Friday, June 22, 2007

Moral Fortunes

There are only two ways to accumulate significant wealth. One is to steal it. The other is to earn it.

For most of human history, stealing it was the preferred method. This explains why the oldest moral codes often associate the accumulation of wealth with questionable moral conduct. Sayings such as "The love of money is the root of all evil" or "It is easier for a camel to pass through the eye of a needle than for a rich man to enter the Kingdom of God" make more sense when viewed in the context of a culture whose first-hand experience was that the quickest way to get rich was by using violence and fraud.

The effects of this historical experience are with us today. We regularly hear the idioms "filthy rich" and "stinking rich" tossed about indiscriminately, without ever asking why wealth should be filthy, or why it should stink. These idioms are vestiges of another time and place.
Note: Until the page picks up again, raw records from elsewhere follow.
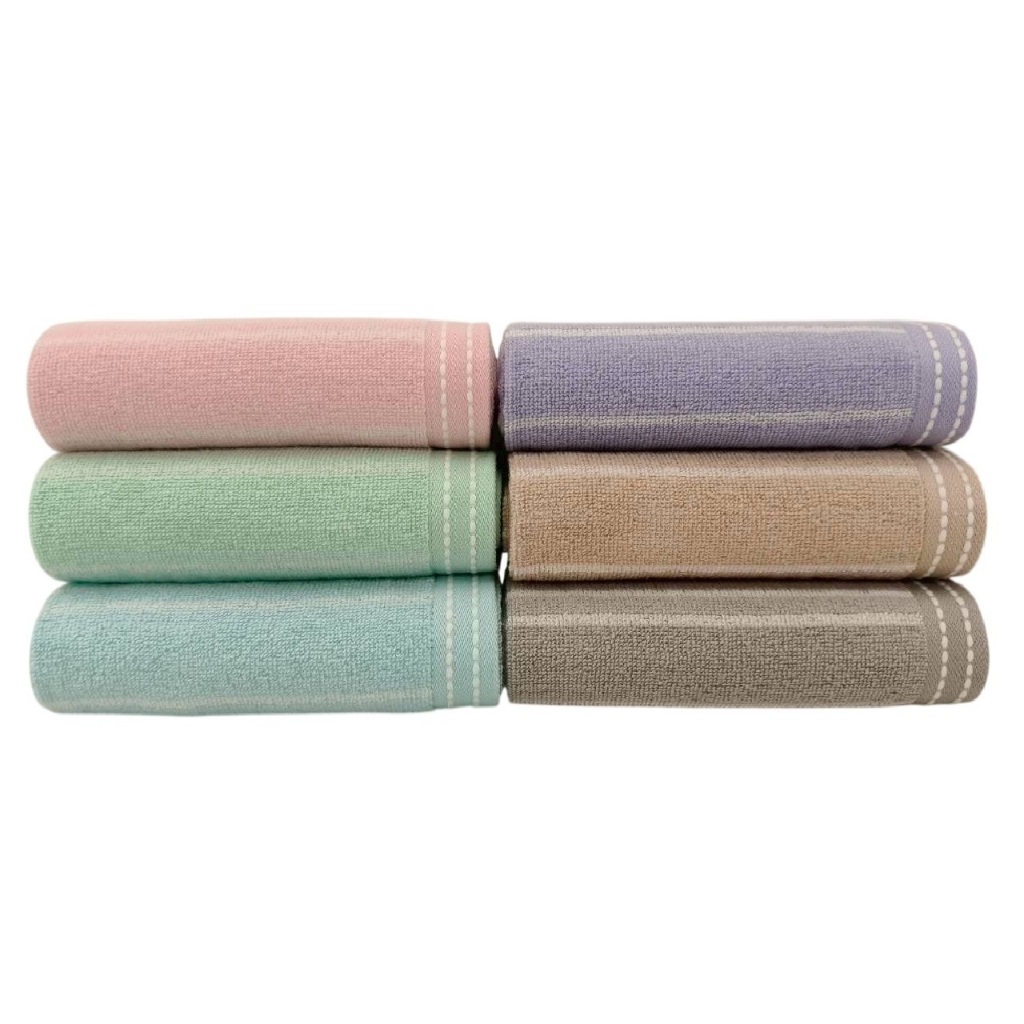 SANTAS ผ้าขนหนู รุ่น NANO COTTON FESTIVE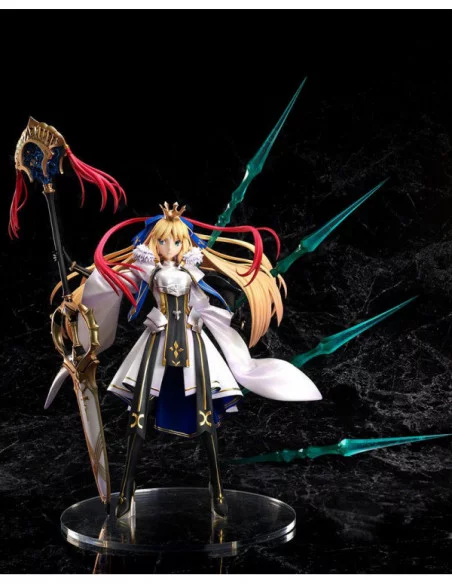 Fate/Grand Order Estatua PVC 1/7 Caster / Altria Caster (3rd Ascension) 34 cm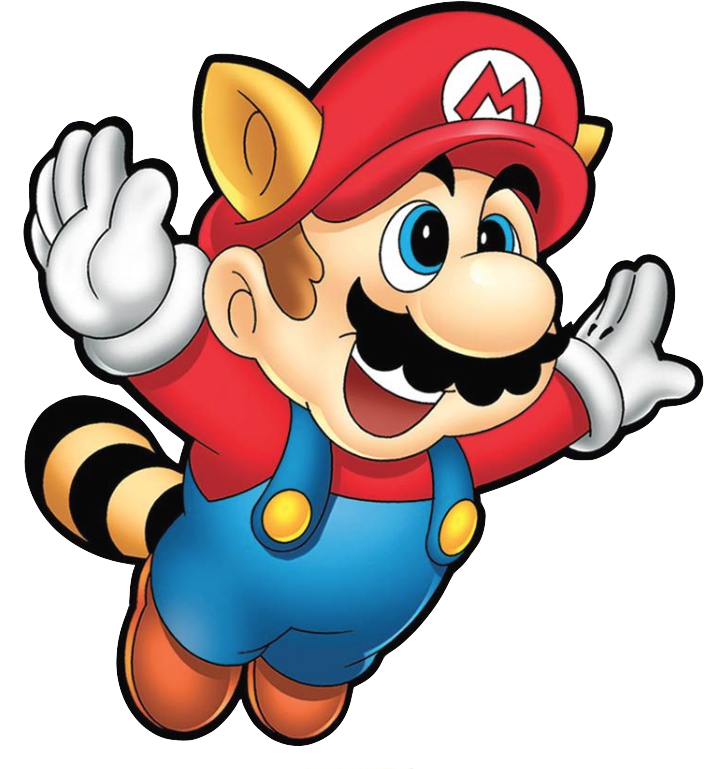 Super Mario Bros. 3 PNG Images HD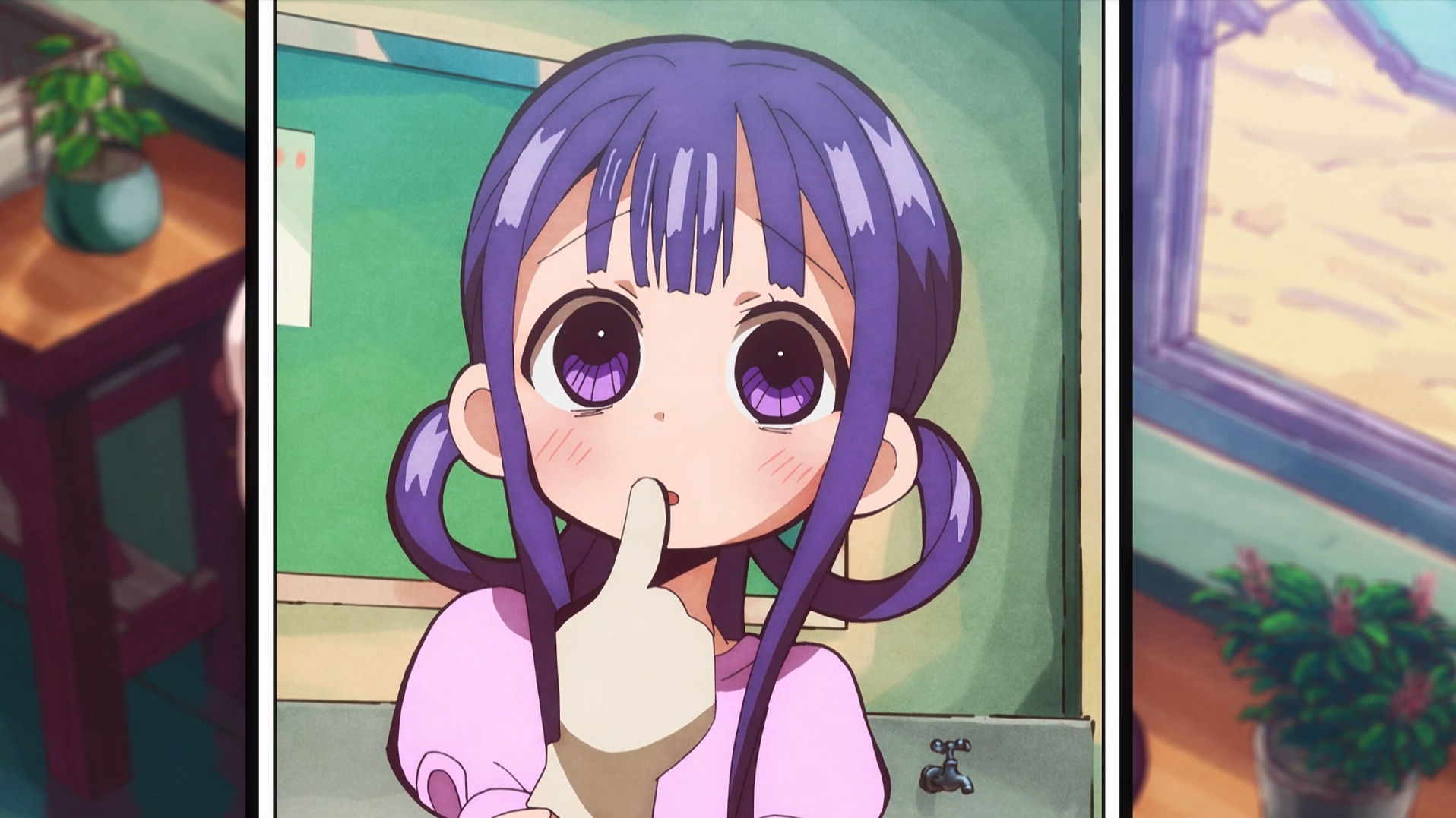 在八寻宁宁的心目中,花子君的形象是怎样的?现实不要太残酷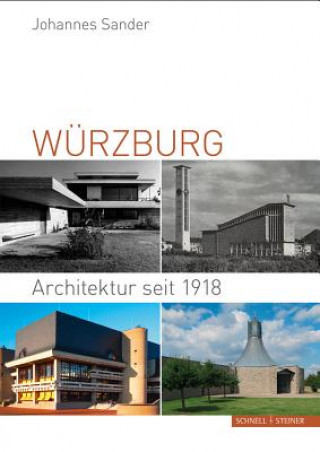 Knjiga Würzburg Johannes Sander
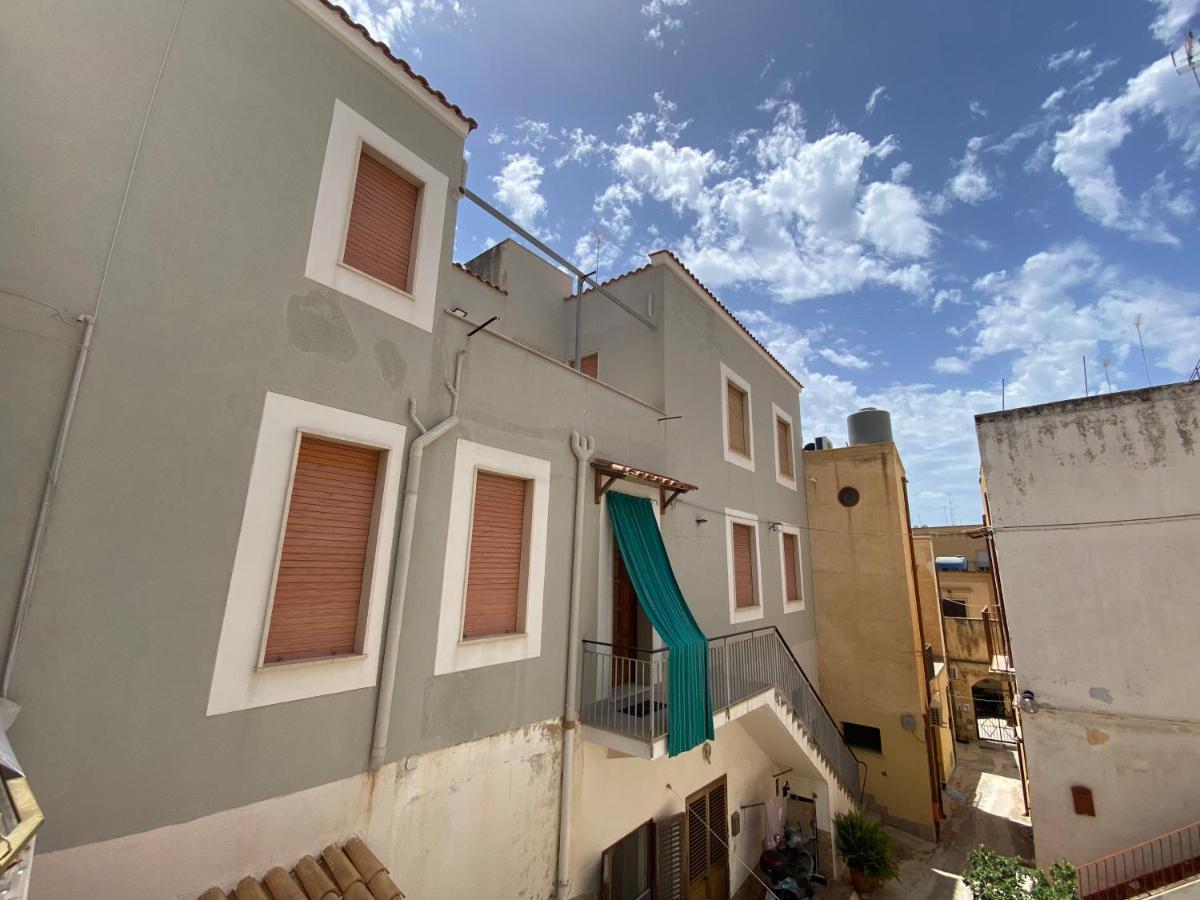 マルサラ Cortile San Francescoヴィラ エクステリア 写真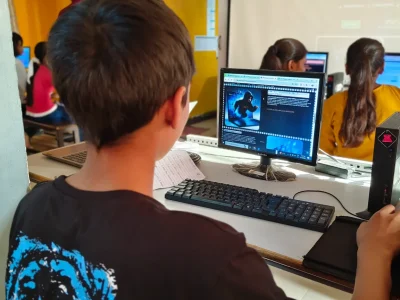 student-learning-wordpress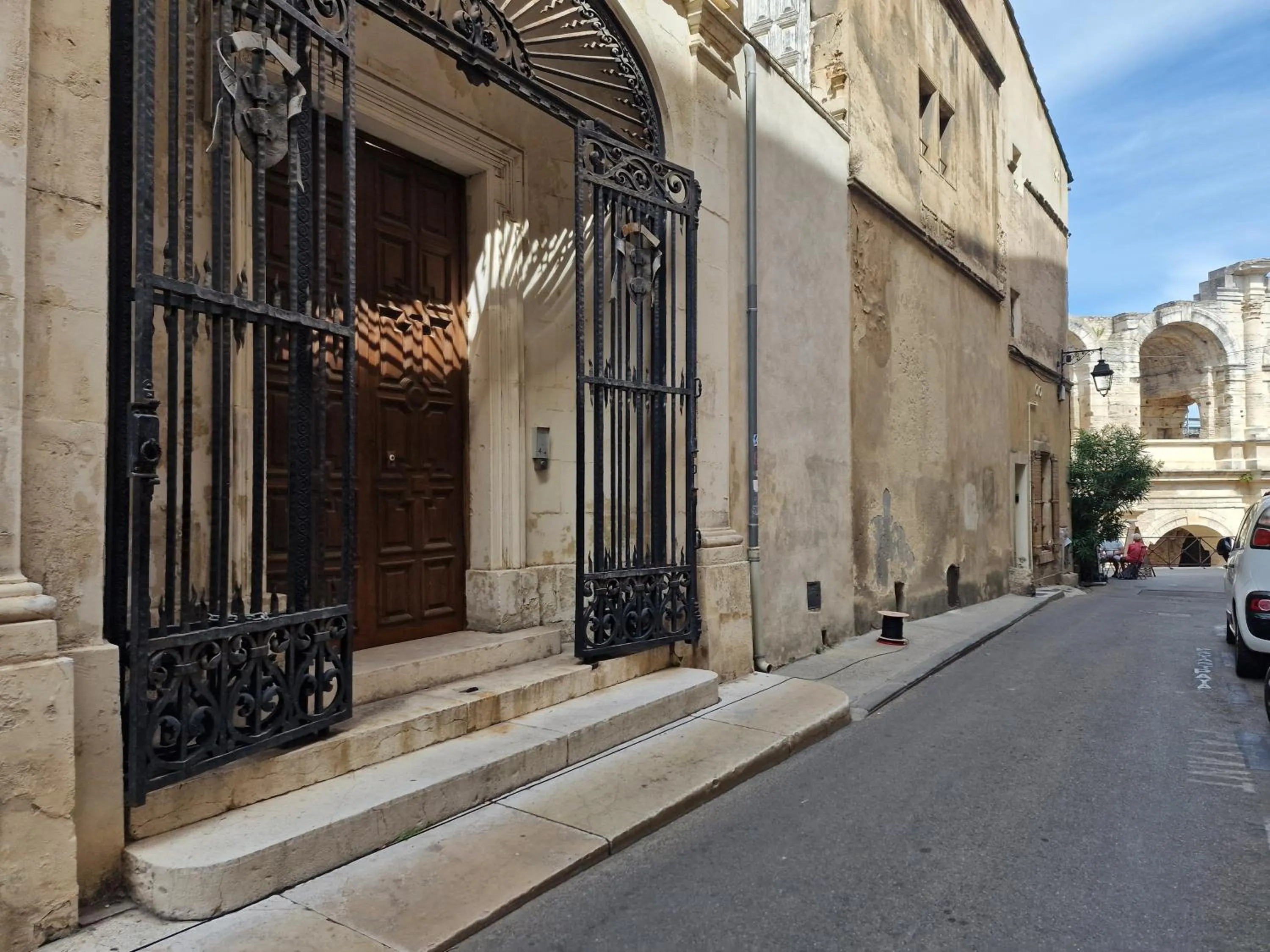 Palais de Luppé, Chambre d'hôtes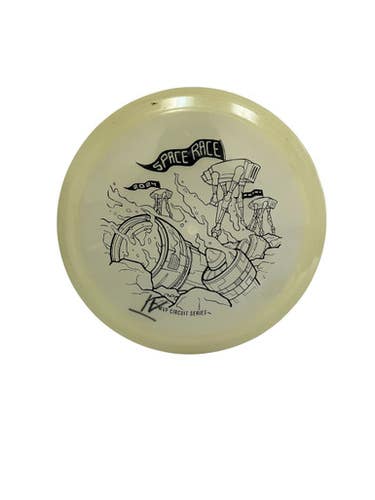 Used Mvp Circuit Series Space Race Crave 171g Disc Golf Driver 11692-s000152475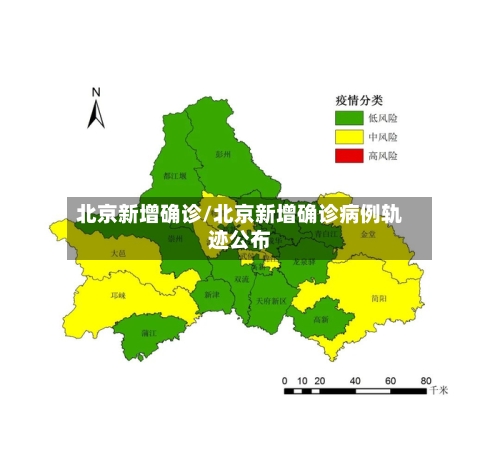 北京新增确诊/北京新增确诊病例轨迹公布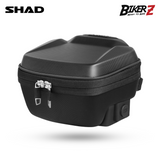 Shad E03C Tas Tank Bagasi Motor / Tank bag Motor Click System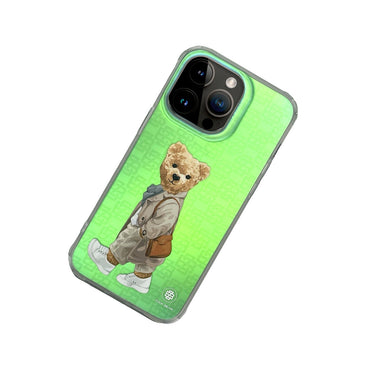 ZuckBear Apple iPhone 15 Pro French Riviera Chic Kapak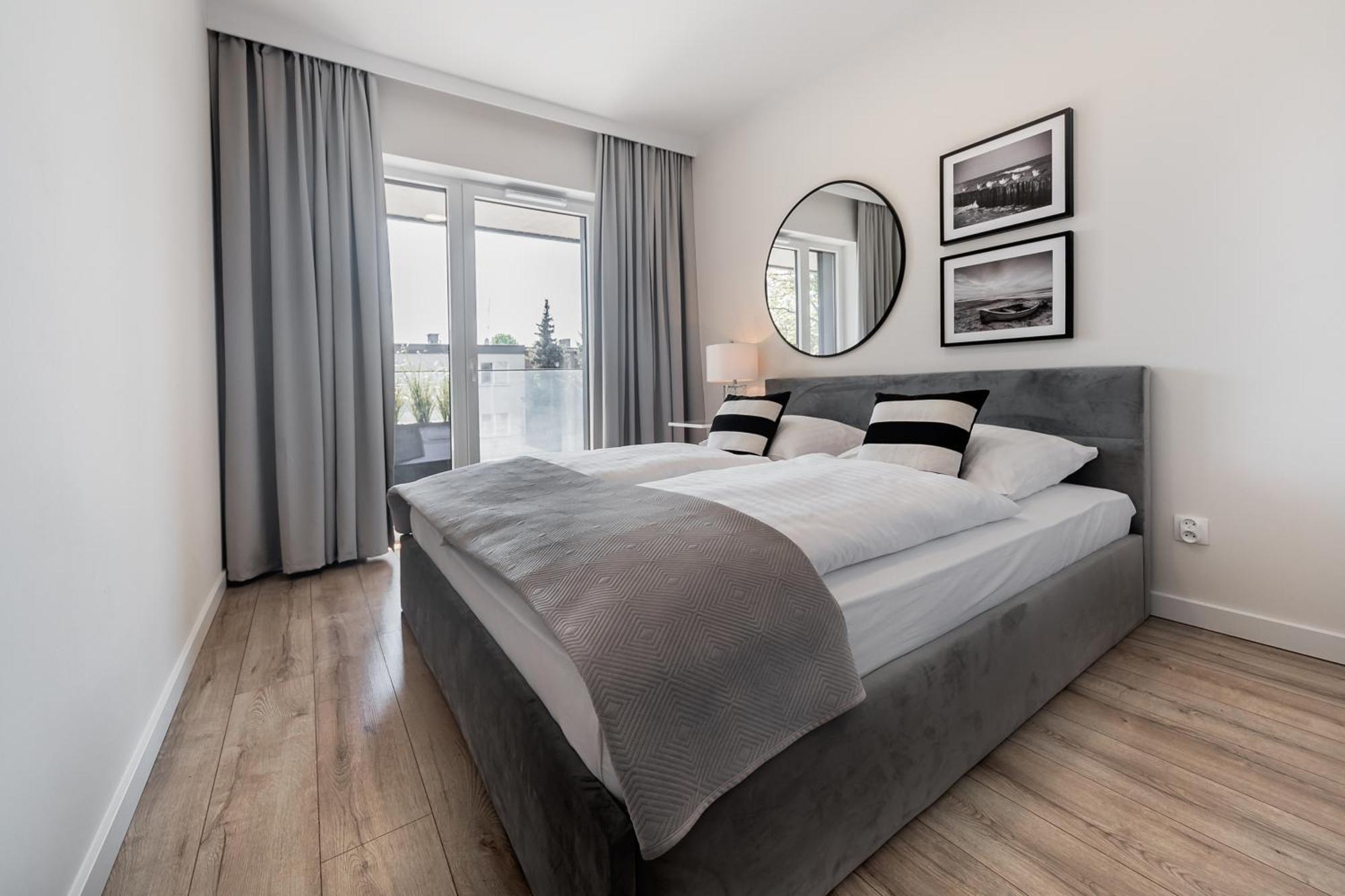Apartament Wyspa Uznam Marina Jachtowa *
They unnecessarily confuse the moral issue of wealth creation in the modern world.

Moral fortunes are built by earning it, not stealing it. The only way to earn a fortune is to engage in mutually beneficial trading. As the economist Murray Rothbard put it, "The greater a man's income, the greater his service to others." Sam Walton died a rich man because he earned it. Bill Gates is rich because he earned it.

This is not to say every fortune in the world is the result of honest and moral effort. Hugo Chavez, Fidel Castro, and Robert Mugabe all have personal fortunes (somewhere). But they did not earn them. They stole them, using violence and fraud on the grandest scale of all. Rather than lie and steal one person at a time, they used politics to loot whole populations. People like this may be rich, but their fortunes are not moral.

Bill Gates is rich. Hugo Chavez is stinking rich.